While this process involved over 30 rezoning, special exception and site plan meetings with the City Council, Boards, Commissions and Neighbors, the balance of input made substantial benefits for both public and private stakeholders.
A mutual understanding of the value of time and the potential impact of this project resulted in considerable contributions to the civic and economic vitality of the City of Falls Church. Considering approximately half of the population is within walking distance to the new Harris Teeter, the City comprehended improvements to the design and streetscape could dramatically activate the area.
West Broad Residences’ project totals 285 units, 267 market rate and 18 ADUs, with the 61K square feet dedicated to Harris Teeter and another 2,300K square feet for Cyclebar. The economic benefits of the deal include increased gross annual tax revenue to the City from $98,000 to $2.5 million and over $4 million in proceeds from the sale of the land. The project provides the City’s first new grocery store in three decades with retail adding approximately 200 new jobs to the area. In result of this development, the community received improvements to the public realm including 20-ft sidewalks, landscaped planters and bus stop as well as design features such as art walls. Many of the surrounding small business have benefited from the increased street activity as well.

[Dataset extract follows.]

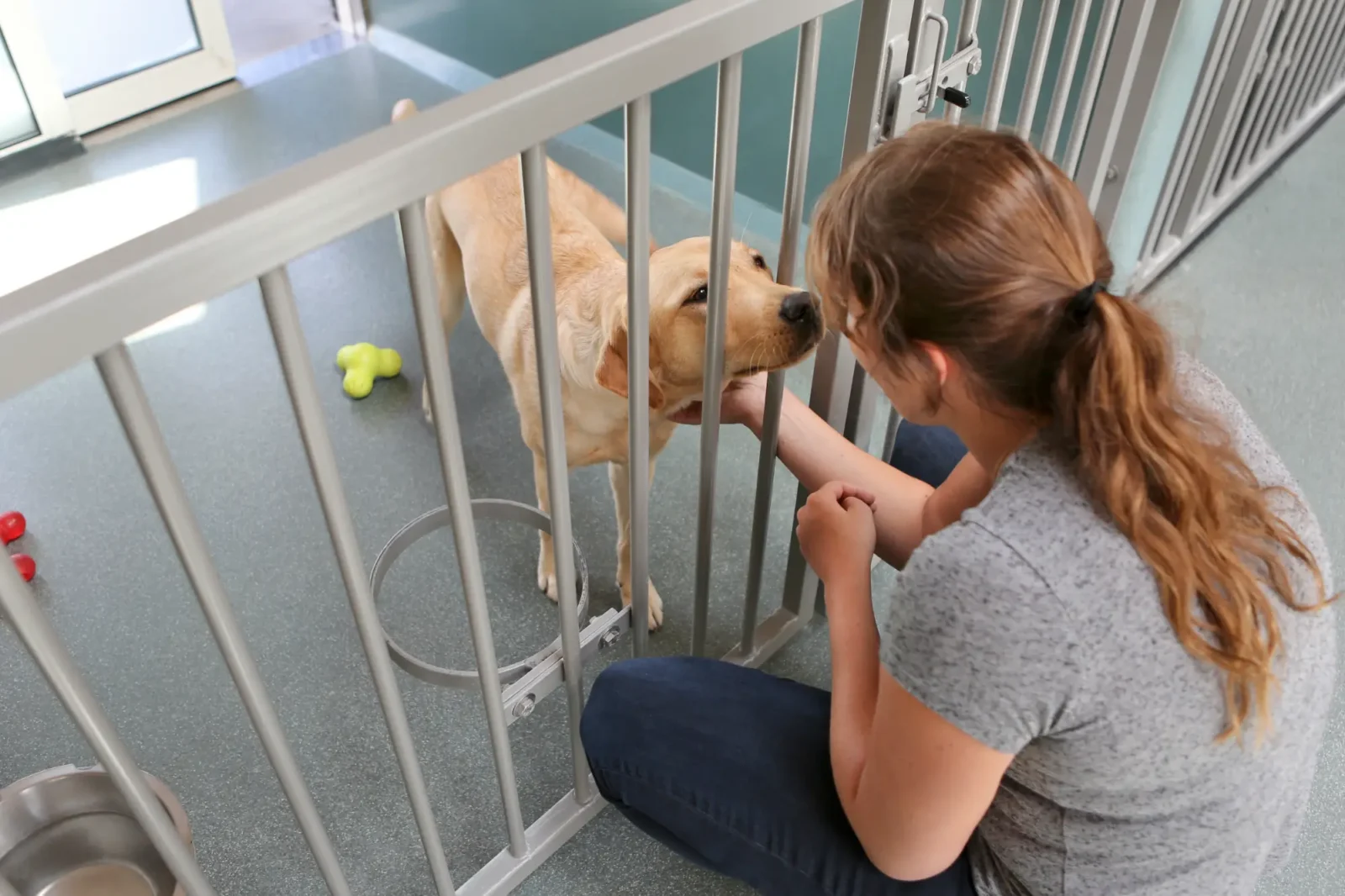 A young woman petting a dog in a dog boarding enclosure.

This mixed-use project replaces three underutilized lots previously owned by three separate entities. Upon rezoning, the City purchased two of the lots and half the new property remains on a ground lease. Fair value for the land helped build trust into the negotiation process creating a platform for collaboration. Compromises were made, design changes had to be balanced and integrated into the building without disrupting parking, store footprint and mechanical systems required by Harris Teeter. Despite an in-depth engagement and public process, no one underestimated the effects of a successful project which allowed for negotiations and responsiveness throughout the course of development.
The building design evolved to address community concerns such as pedestrian and vehicular access, massing and scale, access to natural light and views, and blending with the existing context. All the while, the design and construction team considering impacts these changes will have on building materials and scheduling. These considerations resulted in long uninterrupted sidewalks for pedestrians and a building design that will serve as a catalyst for other downtown projects.
After a panel discussing the city, planning, design and construction perspectives of the project case study attendees gathered at the end of the panel to tour, network, eat and drink, and talk about the lessons learned from this project.